Software fragility is actually very similar to physical fragility.

Think of Jenga tower: the more blocks you have, the more fragile it is. And that is despite Jenga being nicely layered (each block has limited number of direct dependencies).

There are two main ways to decrease fragility:

1) lay out your blocks more carefully.

2) decrease the total number of blocks.

What's interesting, is that most software development practices focus on 1. How to make complex system less fragile? Use a big framework, do unit tests, use static typing, have protected branches, write documentation.

While the biggest payoffs are always in the reduction of blocks. KISS.

David Parnas coined the phrase "Software Aging" to explain why software tends to get more fragile over time. The references in the wikipedia entry on it might be a good place to start.

Well designed architecture will always be the guard against fragility. I do think there is a lack of architecture design and technical design discussions that contribute to the current state of software fragility. There's too many tools contributing to the noise, and not enough tools reducing that noise.

Software is hard because it is the last 10% ... Hardware was the first 90%, but anyone with project experience knows how long the last 10% lasts.

One bad bit can stop the show; all else follows from that, pretty much.

Even if there is redundancy in hardware to catch a bad bit, software contains a lot of inter-connected logic in which there is no mitigation for an unexpected, incorrect value.

There are chains of dependencies such that the correct behavior is a giant conjunction of prpositions: if this works, and this is correct, and this configuration is right, and, and .... then we get stable behavior with good results. Conjunctions are fragile; one incorrect proposition and the conjunction is false.

This isn't a typical academic research paper but is from a University of Chicago researcher, and I think gives a great overview of failure modes of complex systems in general (software included): https://how.complexsystems.fail .

As someone who writes a lot of complex/evolving data analysis software that needs to work correctly, I find some of the considerations listed in the above to be immensely helpful.

It’s not academic research, but I recommend Marianne Bellotti's "Kill It with Fire: Manage Aging Computer Systems (and Future Proof Modern Ones)" about modernization of legacy software systems and managing the teams maintaining these systems. The author worked at the United States Digital Service.
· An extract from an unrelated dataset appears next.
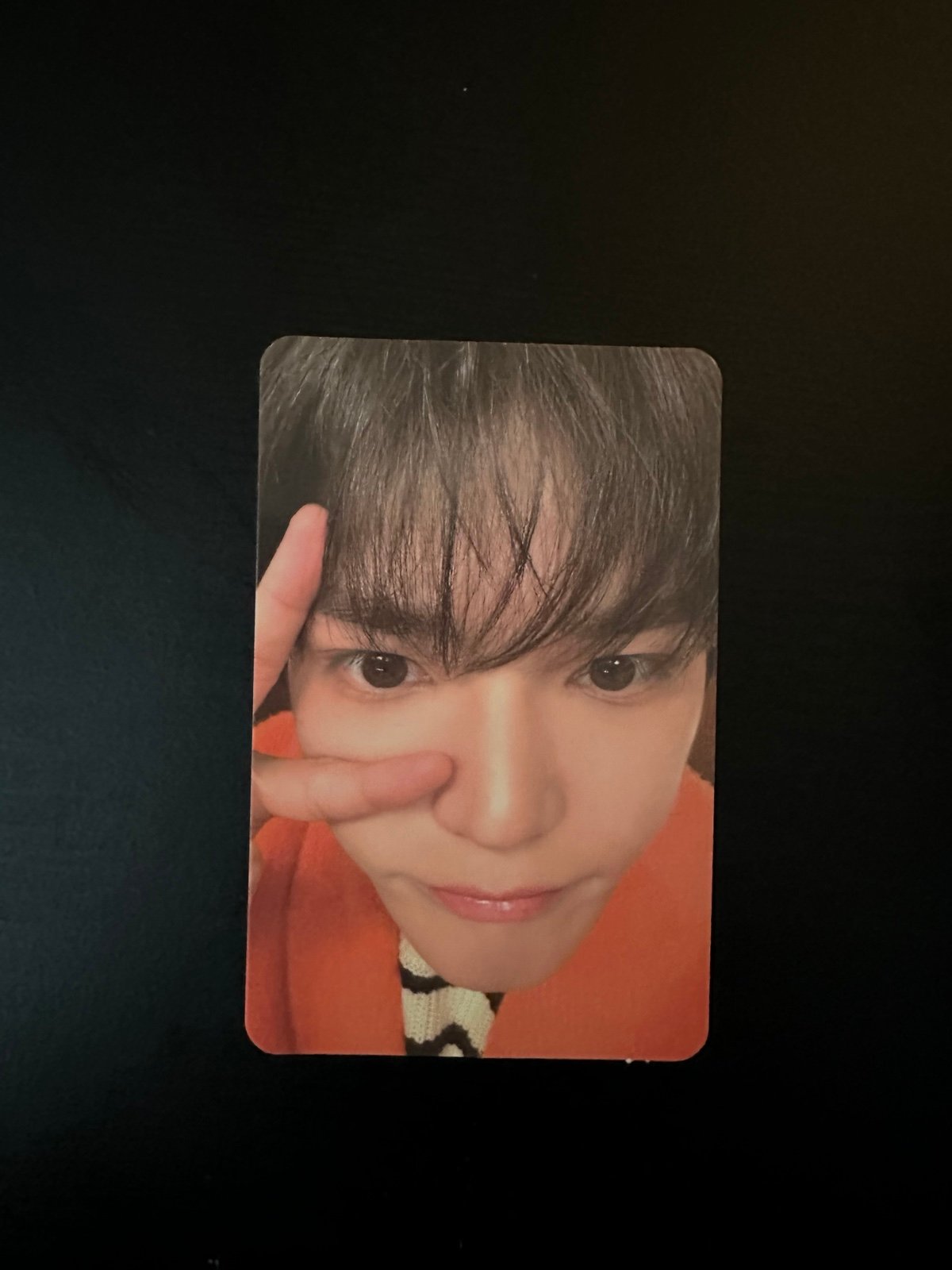 NCT 127 Taeyong Walmart Exclusive Photocard PC Be There For NCT 127 Taeyong Walmart Exclusive Photocard PC Be There For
https://nostarch.com/kill-it-fire

Here’s an empirical example. I followed a step by step tutorial on how to setup a server with Apache + Linux + SSL.

The backbone of the internet.

It’s still not working , and it’s been two days.

Software is cobbled together with ducktape and cowchips.

After 10 years in the field. My take is:

We’ve lied to ourselves so much that we believe our own lies

I'm doing research on this right now actually.